Generally, you can consider this an application of Steganography, so searching for that should turn up a number of references showing off how it can be done. Most file formats have attributes where arbitrary data can be inserted without affecting the user’s interaction with the file (for example, making tweaks to the Least Significant Bits for the colors in a JPEG or similar image file).

While in the general case, steganography is discussed in the context of passing secret messages from A to B, watermarking uses steganography to hide a unique identifier that the document’s author can use later to identify whose copy of the document they’re looking at. So in a very basic scenario, the vendor might just shove “exikyut” into a non-visible object on the document, and then when they find the document published online, they check that object and see the username of the person who leaked it. Obviously in the real world, watermarking attempts to obscure the unique identifier’s placement and contents, such that it cannot be easily identified/removed, and so that only the vendor can match a document to its originating user.

exikyut · on April 13, 2021

Really late reply so you'll probably never see this but thanks for taking the time to explain.

I was actually wondering a) what, exactly, the ISO was specifically doing, which is kind of a stupid question :) and b) how to, uhh, "un" the "exactly", I'll word it that way.

Hiding things in invisible objects would be fairly easy to detect.
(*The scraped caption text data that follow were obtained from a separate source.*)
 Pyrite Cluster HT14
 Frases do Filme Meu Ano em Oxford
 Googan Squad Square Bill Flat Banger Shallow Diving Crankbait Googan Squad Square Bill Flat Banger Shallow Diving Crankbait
I was wondering if maybe the document might for example embed two spaces every X characters by way of identifier, or use a seeded RNG to pick from multiple visually-identical layout methodologies, or even maybe reencode the images with a uniquely-seeded JPEG scan script, oh oh or maybe adjust individual control points and Bezier curves in the glyph tables, or...

I'd probably just do an outline-to-shape or similar type of pass on it. But then I'd start wondering about the statistical probability of recovering glyph offset micro-adjustments, or hinting settings... eep.

Okay, import the whole PDF into a layout engine then re-export it. Hmm, what if... oh you know they might be reordering the paragraphs in the text... hmm, with 100 discrete text permutations, you could tell 10,000 output documents apart if all 100 permutations were left undisturbed and were recoverable. That's... quite a lot of work. They're probably not doing that.

Or are they?

rdpintqogeogsaa · on April 17, 2021

I know there's a little personal identifier printed vertically on the bottom left of every page. Whether there are additional, steganographic watermarks, I don't know. It'd be interesting, but that'd require for at least two people to throw enough money at ISO to get a diff between the PDF outputs.